Does the placement of the columns to join matter for performance when executing a LINQ statement?
For example, which of the following queries would run the quickest, and why?
A)
var query = from o in entities.orders
join i in entities.order_items
on o.OrderId equals i.OrderId
where o.AddedSalesOrder == 0
select new
{
i.ShippingFirstName,
i.ShippingLastName,
i.Sku,
i.Quantity,
i.ItemPrice,
o.TotalShippingCost,
o.OrderId,
o.OrderCreateDate
};
B)
var query = from o in entities.orders
join i in entities.order_items
on o.OrderId equals i.OrderId
where o.AddedSalesOrder == 0
select new
{
o.TotalShippingCost,
o.OrderId,
o.OrderCreateDate,
i.ShippingFirstName,
i.ShippingLastName,
i.Sku,
i.Quantity,
i.ItemPrice
};
C)
var query = from o in entities.orders
join i in entities.order_items
on o.OrderId equals i.OrderId
where o.AddedSalesOrder == 0
select new
{
o.OrderCreateDate,
i.ShippingFirstName,
i.ShippingLastName,
o.TotalShippingCost,
o.OrderId,
i.Sku,
i.Quantity,
i.ItemPrice
};
I am expecting query B to be the most efficient due to the placement of the columns for the join resulting in cleaner SQL code being generated but I may be wrong.
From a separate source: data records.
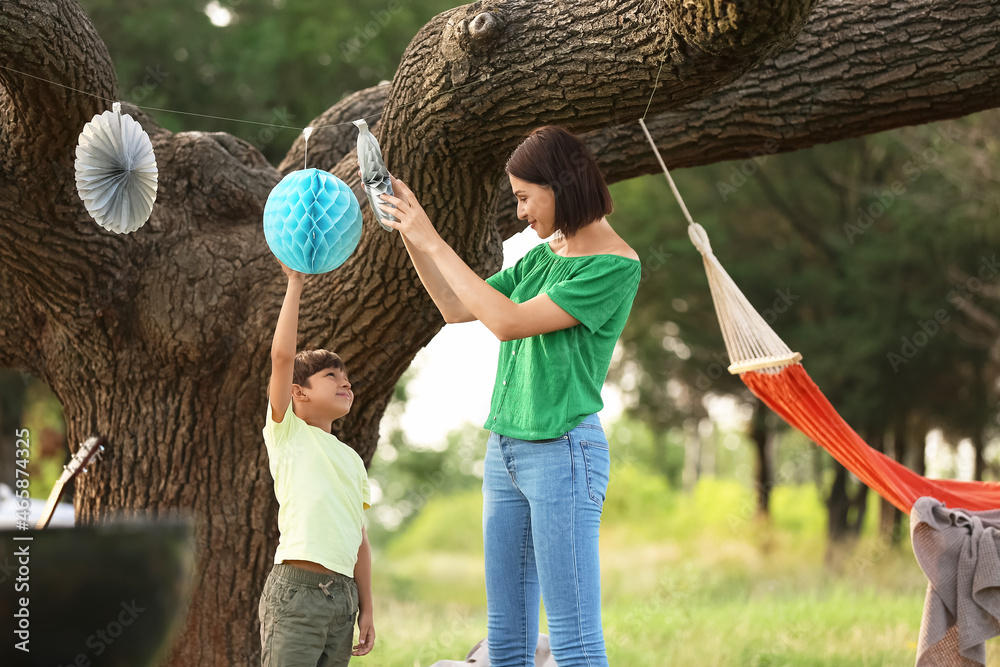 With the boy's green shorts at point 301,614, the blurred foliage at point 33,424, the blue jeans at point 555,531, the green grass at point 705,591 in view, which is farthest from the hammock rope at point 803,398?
the blurred foliage at point 33,424

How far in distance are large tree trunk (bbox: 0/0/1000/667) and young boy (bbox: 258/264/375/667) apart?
2.50 ft

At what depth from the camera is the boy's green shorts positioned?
1.88 m

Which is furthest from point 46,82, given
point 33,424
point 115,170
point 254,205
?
point 33,424

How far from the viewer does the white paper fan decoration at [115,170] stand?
2.13 meters

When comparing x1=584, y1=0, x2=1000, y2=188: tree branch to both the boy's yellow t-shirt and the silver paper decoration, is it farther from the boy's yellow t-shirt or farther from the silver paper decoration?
the boy's yellow t-shirt

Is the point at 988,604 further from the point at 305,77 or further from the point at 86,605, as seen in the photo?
the point at 305,77

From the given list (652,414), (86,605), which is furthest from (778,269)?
(86,605)

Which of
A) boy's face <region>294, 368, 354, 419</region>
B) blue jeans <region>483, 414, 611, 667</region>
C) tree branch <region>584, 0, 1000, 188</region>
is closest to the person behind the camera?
blue jeans <region>483, 414, 611, 667</region>

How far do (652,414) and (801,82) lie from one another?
753 cm

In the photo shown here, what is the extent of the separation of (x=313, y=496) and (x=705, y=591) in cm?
554

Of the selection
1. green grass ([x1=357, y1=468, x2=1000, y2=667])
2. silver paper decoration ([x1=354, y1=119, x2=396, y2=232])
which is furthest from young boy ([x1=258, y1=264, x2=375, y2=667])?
green grass ([x1=357, y1=468, x2=1000, y2=667])

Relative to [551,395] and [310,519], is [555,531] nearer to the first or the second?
[551,395]

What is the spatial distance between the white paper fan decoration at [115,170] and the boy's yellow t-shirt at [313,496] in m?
0.66

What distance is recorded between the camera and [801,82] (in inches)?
111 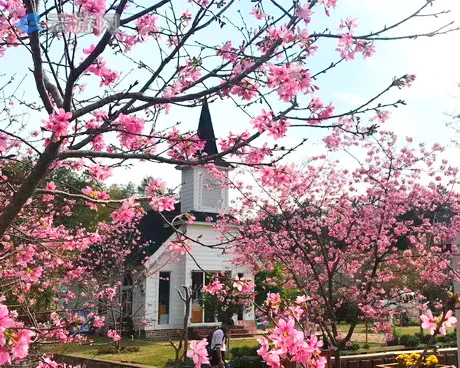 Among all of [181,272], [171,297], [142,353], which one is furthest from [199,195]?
[142,353]

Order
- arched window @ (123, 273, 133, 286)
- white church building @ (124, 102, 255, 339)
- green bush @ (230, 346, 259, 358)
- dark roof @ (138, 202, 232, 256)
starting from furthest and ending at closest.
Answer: arched window @ (123, 273, 133, 286)
dark roof @ (138, 202, 232, 256)
white church building @ (124, 102, 255, 339)
green bush @ (230, 346, 259, 358)

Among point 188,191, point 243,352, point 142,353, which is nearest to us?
point 243,352

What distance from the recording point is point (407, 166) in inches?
401

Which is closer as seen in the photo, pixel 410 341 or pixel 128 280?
pixel 410 341

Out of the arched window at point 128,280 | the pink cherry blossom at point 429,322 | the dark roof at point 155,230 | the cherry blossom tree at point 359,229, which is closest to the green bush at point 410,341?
the cherry blossom tree at point 359,229

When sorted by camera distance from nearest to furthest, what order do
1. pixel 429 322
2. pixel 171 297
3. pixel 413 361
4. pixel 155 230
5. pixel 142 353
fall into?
pixel 429 322 < pixel 413 361 < pixel 142 353 < pixel 171 297 < pixel 155 230

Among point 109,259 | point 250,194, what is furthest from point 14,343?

If it matters, the queries are being run on a SQL server 2008r2 database.
–Edit–
For what its worth, I ran a quick (and surely non-absolute) benchmark via C# to see how performance behaved on each scenario. My findings are below:
a) 297.61 millisecond avg over 100000 iterations
b) 245.90 millisecond avg over 100000 iterations
c) 304.16 millisecond avg over 100000 iterations
The code I used to test this is as follows:
var sw = new Stopwatch();
List<long> totalTime = new List<long>();
for (int u = 0; u < 100000; u++)
{
sw.Start();
var entities = new Entities();
var query = from o in entities.orders
join i in entities.order_items
on o.OrderId equals i.OrderId
where o.AddedSalesOrder == 1
select new
{
i.ShippingFirstName,
i.ShippingLastName,
i.Sku,
i.Quantity,
i.ItemPrice,
o.TotalShippingCost,
o.OrderId,
o.OrderCreateDate
};
var qc = query.Count();
sw.Stop();
totalTime.Add(sw.ElapsedMilliseconds);
sw.Reset();
}
Console.WriteLine("Average time in Milliseconds: {0}", totalTime.Average());
It appears that the ordering of the joined columns may impact the speed of execution – or as was pointed out, my database may be inefficient 🙂
At any rate, I wanted to post the findings for any who find this interesting.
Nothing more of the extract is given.